Rechtliche Beurteilung
Der Angeklagte Bruno P*** bekämpft das Urteil mit einer auf die Nichtigkeitsgründe der Z 8 und 12 des § 345 Abs 1 StPO gestützten Nichtigkeitsbeschwerde und macht geltend, eine Schreckschußpistole ohne Magazin sei keine Waffe im Sinn des § 143 StGB, sondern einer Schußwaffenattrappe gleichzuhalten; die den Geschwornen erteilte Rechtsbelehrung sei insoweit unrichtig, als darin auf diese Problematik nicht eingegangen werde. Dieser Auffassung kann nicht gefolgt werden.
Waffen im Sinn des § 143 StGB sind ua alle Waffen im technischen Sinn, dh alle Gegenstände, die ihrem Wesen nach dazu bestimmt sind, die Angriffs- oder Abwehrfähigkeit von Menschen durch unmittelbare Einwirkung zu beseitigen oder herabzusetzen. Darunter fallen auch Schreckschußpistolen, aus denen - wie hier (vgl Band I S 12 d.A) - nur projektillose Patronen verschossen werden können (EvBl 1978/34 = ÖJZ-LSK 1977/352).

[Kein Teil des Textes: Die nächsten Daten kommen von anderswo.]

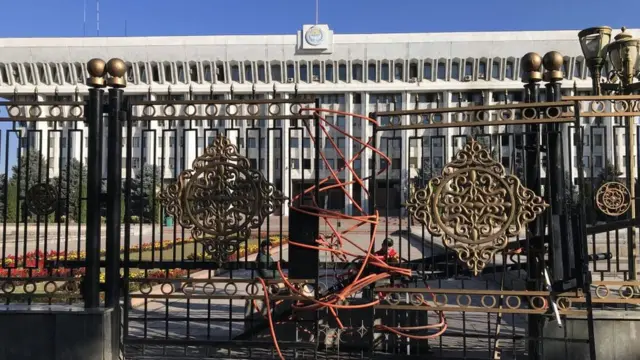 Перевязанные ворота Белого дома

Ihre Verwendung bei einem Raub macht daher den Täter ebenfalls nach dem § 143, zweiter Fall, StGB strafbar. Diese Qualifikation ist hier auch dann erfüllt, wenn die als Mittel der Drohung eingesetzte Waffe ungeladen gewesen sein sollte und mangels eines Magazins nicht sofort hätte schußbereit gemacht werden können (vgl SSt 49/45 = ÖJZ-LSK 1978/293 verstärkter Senat).
Es zeigt sich darum, daß die den Geschwornen erteilte, auf Waffen im technischen Sinn unabhängig von ihrer konkreten Einsatzfähigkeit und Einsatzbereitschaft abstellende Rechtsbelehrung (vgl S 2 dieser Rechtsbelehrung, Beilage zum Hauptverhandlungsprotokoll Band II/ ON 39 d.A) keine unrichtige Auslegung des im § 143 StGB verwendeten Waffenbegriffes erkennen läßt (§ 345 Abs 1 Z 8 StPO). Folglich ist auch der auf dem Wahrspruch der Geschwornen beruhende Ausspruch des Gerichtes, der inkriminierte Raub sei im Hinblick darauf, daß der Angeklagte bei seiner Drohung gegen Maria L*** eine Schreckschußpistole der Marke "Mauser HSc, Kal 84,8 mm" zum Einsatz brachte, unter Verwendung einer Waffe verübt worden, mit keinem Subsumtionsirrtum behaftet (§ 345 Abs 1 Z 12 StPO).
Die Nichtigkeitsbeschwerde war daher zu verwerfen.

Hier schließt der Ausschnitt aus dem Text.